La lotta al lavoro nero e agli infortuni - Roberto Frattini, componente del Consiglio Direttivo di Confindustria Bergamo (La Rassegna - 26 ottobre 2006): “Al mercato bisogna dare quello che vuole e quando lo vuole e per fare ciò bisogna organizzarsi, con macchinari e personale qualificato. E in questo contesto, la flessibilità è uno degli elementi fondamentali, perché bisogna confrontarsi con il resto del mondo, a cominciare da Usa, Giappone ed Europa. Roberto Frattini concorda con molte preoccupazioni espresse dal sindacato in tema di applicazione dei contratti e sottolinea la necessità che essi debbano essere adottati senz’altro nella catena di subappalto delle lavorazioni. Nel contempo, però, spiega le ragioni degli imprenditori nel sostenere che la flessibilità è utile per le imprese come per i lavoratori. Durante il dibattito Frattini ha sostenuto che “un’azienda decide di decentrare l’attività o parte di essa per questioni tecniche (può trovare all’esterno chi produce meglio parti non fondamentali della produzione) o per questioni economiche (costa di meno far realizzare determinate produzioni oltre frontiera). Su questo fronte la rigidità di un’impresa è determinante. Più la struttura interna è rigida e maggiore è la propensione a fornire appalti esterni”.


Il lavoro nero non è una necessità per le imprese ed è un cancro per la società. Non riguarda solo ambiti settoriali, ma tocca tutte le componenti sociali. Al di là dei valori morali, è concorrenza sleale, evasione fiscale e peso eccessivo per coloro che le imposte le pagano. Trova spazio in attività economiche di limitate dimensioni e in quelle attività industriali che sono al limite del rapporto costi/prezzi, di livello basso. Al confine dei bilanci, che possono essere bypassati per qualche anno. Ma poi le difficoltà riemergono. Piuttosto che tenere in attività un’azienda che si tiene in piedi con il lavoro nero, bisogna avere il coraggio di passare la mano. Per sconfiggere il lavoro nero occorre elevare il grado di competitività dell’impresa, in ambito tecnologico ed organizzativo”.
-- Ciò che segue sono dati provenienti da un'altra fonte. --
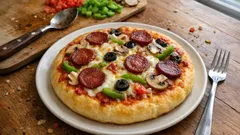 Fırın yoksa da olur: Kapak kapalı tavada yumuşacık pizza tarifi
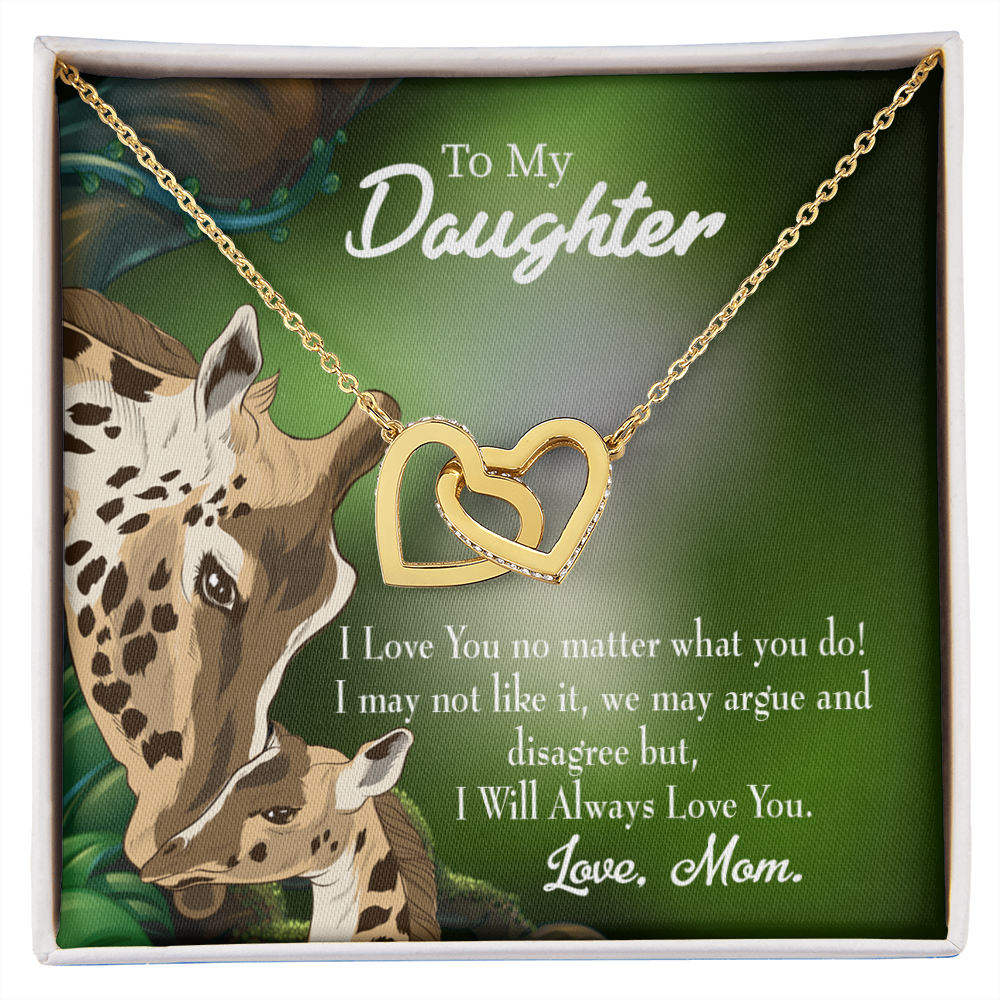 To My Daughter Mom Loves You No Matter What Inseparable Necklace-Express Your Love Gifts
La lotta al lavoro nero e agli infortuni - Carlo Mazzoleni, vice-presidente di Confindustria Bergamo (La Rassegna - 26 ottobre 2006): "Confindustria è la più interessata a che la competizione avvenga con regole certe e con un mercato del lavoro regolare”.

"La riproposizione dell’assioma legge Biagi uguale precariato è vecchia e superata. Ed è un falso clamoroso. È stato detto che il 50% delle nuove assunzioni riguarda contratti aticipici. Ma nessuno ha aggiunto che una buona metà di questi rapporti si trasformano poi a tempo indeterminato. Nessuno ha spiegato che grazie a queste norme l’occupazione è cresciuta del 7% e il tasso di occupabilità è aumentato del 6% e che ne hanno beneficiato soprattutto giovani e donne. Il mercato del lavoro funziona”.